There are blogs that are longstanding and going concerns and may even be a primary income source, but outfits like Sarah's and Jessa's very likely got where they are by being on pretty solid ground ethically.
I also share the general contention of the comments that follow that readers are generally savvy enough to suss out who they'll seek out as authors and/or reviewers.
The impetus from all this came from Simon & Schuster, the U.S publisher of Diane Setterfield's Thirteenth Tale, a monster bestseller with much co-operative ads from chain stores and good word of mouth from independents. (read it, not bad, a bit long, better than average first book)
S&S sent out the following to select bloggers in the U.S that read,
"Because you’ve done such a great job reviewing and promoting Simon & Schuster and Atria’s books in the past, I’d like to offer you an exciting and unique opportunity.
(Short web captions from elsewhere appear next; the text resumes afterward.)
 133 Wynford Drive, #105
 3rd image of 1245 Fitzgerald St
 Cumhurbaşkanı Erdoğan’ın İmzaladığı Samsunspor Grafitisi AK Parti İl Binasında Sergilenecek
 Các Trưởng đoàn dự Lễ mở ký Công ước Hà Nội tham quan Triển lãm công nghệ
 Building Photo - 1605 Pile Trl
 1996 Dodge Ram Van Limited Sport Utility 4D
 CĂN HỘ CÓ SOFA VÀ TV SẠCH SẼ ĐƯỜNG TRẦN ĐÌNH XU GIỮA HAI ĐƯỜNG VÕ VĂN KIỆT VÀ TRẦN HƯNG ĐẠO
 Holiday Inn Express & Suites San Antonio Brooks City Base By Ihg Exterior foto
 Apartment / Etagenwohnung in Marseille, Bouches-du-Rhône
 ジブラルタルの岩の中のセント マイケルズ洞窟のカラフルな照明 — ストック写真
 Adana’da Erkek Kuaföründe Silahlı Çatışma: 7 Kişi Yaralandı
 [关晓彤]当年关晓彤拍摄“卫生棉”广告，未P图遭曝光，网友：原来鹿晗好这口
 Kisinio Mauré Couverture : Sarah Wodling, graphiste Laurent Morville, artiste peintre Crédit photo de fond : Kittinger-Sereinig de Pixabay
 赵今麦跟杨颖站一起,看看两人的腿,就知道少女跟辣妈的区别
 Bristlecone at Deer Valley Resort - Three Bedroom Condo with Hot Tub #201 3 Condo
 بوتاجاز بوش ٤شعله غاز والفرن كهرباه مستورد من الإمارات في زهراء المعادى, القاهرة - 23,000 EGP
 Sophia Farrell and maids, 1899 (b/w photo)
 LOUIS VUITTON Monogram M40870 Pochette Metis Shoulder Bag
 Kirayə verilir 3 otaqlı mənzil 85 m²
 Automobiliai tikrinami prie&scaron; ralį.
Simply promote The Thirteenth Tale by Diane Setterfield in your blog, and you could be eligible to win a $100 American Express Gift Check and a library of Atria Books titles."
Not much to get excited about given bigger conflicts of interest out there in the good old world, but it seems fairly straightforward for even flyweight bloggers such as us to trade on our integrity by stating a few things up front.
Bookstores, even plucky independents like ours are lousy with review copies and promo material. However, most of my miserable screeds come from existing stock or titles in my home. I'm also rife with re-enforced preferences:
I don't care for historical novels, the eighteenth century and back isn't my drink of choice.
Every novel out of Canada's East coast reads the same to me. I'm content to call it a weakness on my part and just not explore it much further.
The Prairies are flat and boring and novels set in the Prairies are well...
A better than average short story gets more love than a better than average novel.
Crime fiction is where the favourite hand selling takes place.
Books from this outfit are better thank books from well, anywhere else.
American heavyweight fiction is better than Canadian heavyweight fiction, but second tier Canadian stuff is very good and getting a lot better very quickly. The future of the country's writers, if not the country is plenty bright.